Puberty is a rough time for kids with Asperger's. Aggressive behavior is common. The good news is that it gets better in the later teen years. But, for the time being...

Yes, there need to be consequences for behavior that damages property or hurts others. If all you get is "lip and attitude" but he complies, ignore it. We all have a right to feel however we feel about things. We just have to control our behavior.

Make all consequences as logical as possible. Most A.S. kids are hyper-logical. Try discussing this with him at a time when he is not upset. Ask him to think of some consequences he would find useful. Make a list, if you like. You may have to soften them as you say he is very hard on himself. Then, when a problem occurs, use one of the agreed upon consequences that fits.  

For us, if our daughter damaged something that belonged to her, it was not replaced. If it belonged to someone else, she was required to work to pay for replacing it. If she made a mess, she had to clean it up. We also made it clear that if an actual assault occurred, we would not protect her from the legal consequences of violent behavior. Fortunately, we never had to make good on that, but I assure you we would have.

The other tool you have is that you are the driver. If he is being a total monster, you don't have to drive him anywhere. When our daughter was particularly disruptive, we would impose a 24 hour moratorium on transportation. Since she was involved in drama productions, this was very effective.

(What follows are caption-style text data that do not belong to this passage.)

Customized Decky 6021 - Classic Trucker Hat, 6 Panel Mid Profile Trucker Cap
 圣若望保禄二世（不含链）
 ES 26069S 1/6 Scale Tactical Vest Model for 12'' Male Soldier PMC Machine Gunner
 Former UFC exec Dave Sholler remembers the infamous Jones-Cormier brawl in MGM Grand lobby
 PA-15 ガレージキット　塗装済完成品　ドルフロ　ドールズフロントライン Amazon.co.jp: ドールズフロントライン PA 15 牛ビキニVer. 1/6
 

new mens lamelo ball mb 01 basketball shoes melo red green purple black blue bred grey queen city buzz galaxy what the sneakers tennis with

The other useful tactic is to teach your son to recognize the feelings of growing frustration or anger. He probably does not realize he is mad until he is fully inflamed. Talk about the physical sensations of tightening stomach, clenched fists, feeling hot, etc. Then, talk about how to relax on purpose. Teach him to take a few deep breaths, and think of something soothing (our daughter would picture her purring cat).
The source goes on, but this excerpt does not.